Announcer: You’re listening to Tradestreaming Radio with your host Zack Miller. Expand your mind, become a better investor with tools, tips and technology from the smartest investors on the planet.Zack: Welcome to Tradestreaming Radio. I’m you’re host Zack Miller and this is the place where investors learn directly from experts. I don’t know about you, but I’ve got this itch. And the itch has always been that it’s been traditionally really hard to get a unified login for multiple brokerage accounts. What I mean by that is that most people, as we know from the data, have multiple brokerage accounts, they don’t have all their assets with one firm.
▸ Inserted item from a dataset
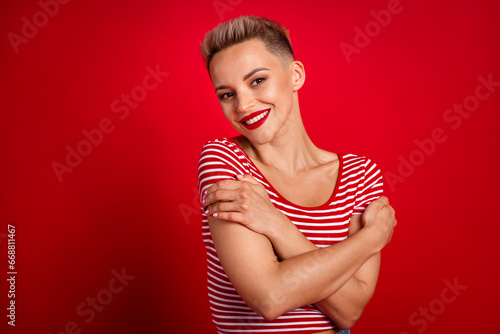 Photo of pretty lovely cute girl wear stylish bright clothes hugging her shoulders empty space isolated on red color background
Now, how do you get a view of everything that’s going on? And of course there’s been lip service, and there’s some products out there that help you get a view of everything, but I still have found it sort of an imperfect solution. There have been a couple of companies over the past couple of years that have really targeted this area. Jemstep is one of them, and today’s guest is Simon Roy from Jemstep. Jemstep took it a step further.
The first step you’re going to have, if you want to get a complete overview, if you want to take hold of all of your holdings wherever they may be, is to hook up your multiple brokerage accounts to Jemstep. It throws it all into a unified blender and shows you your overall portfolio. That’s the first step, and that’s important but not crucial. The next step is actually saying “Well let’s look at all the holdings across all my accounts and optimize it.”
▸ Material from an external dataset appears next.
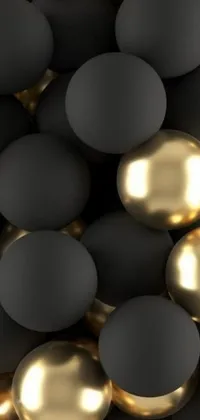 This phone live wallpaper by Emma Andijewska features sleek black and gold spheres against a reflective mirror background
And Jemstep has created exactly that, and a performance optimizer where Jemstep will take you through this process of defining you risk, defining your investor personality, and then analyzing each and every security in your portfolio against that. Then it’s an optimization engine that says basically “Well, if you own this large cap fund, maybe there’s a better or cheaper one out there for you. Why don’t you go grab that one?”
I think this is a big leap forward in investing, for individual investors, and I hope to see more of these types of tools in development in the future. Wikinvest SigFig product, I know that because I’m helping them on a consulting basis, is going to look something very similar to what Jemstep is doing.
So I invited Simon on to talk about what Jemstep is, how it helps people manage their portfolios, how it helps them improve their investing results, and maybe where they’re headed in the future. I hope you enjoy this weeks program. I’m trying to do a mix on Tradestreaming in bring in authors with different strategies as well as entrepreneurs and business owners who have products that can help us all. Hope you’re enjoying that.
You can always check out the archives of this program at my website tradestreaming.com. Come over there and sign up for the free email as well and I’ll keep you posted of all that’s going on. You can also find the archives of this program on iTunes, and you can subscribe there via iPhone or iPad. Let us know, give us a rating. Let everyone know if you’re enjoying and getting value out of this program. I appreciate your time, very grateful, hope you have a great holiday and thanks for checking in with us. Speak to you soon.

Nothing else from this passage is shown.